_What you are asked to do_
Set down each line of the material that follows, exactly, with no pictures.

_Data provided_
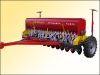 Sell Agricultural machinery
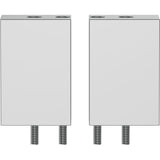 BUB-HGPT-63-B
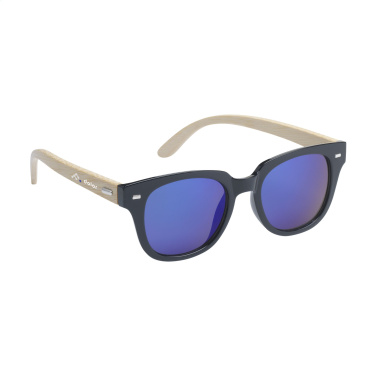 Logotrade promotional giveaways photo of: Havana sunglasses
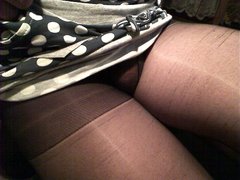 Picture 502.jpg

_Exercise output_
 Sell Agricultural machinery
 BUB-HGPT-63-B
 Logotrade promotional giveaways photo of: Havana sunglasses
 Picture 502.jpg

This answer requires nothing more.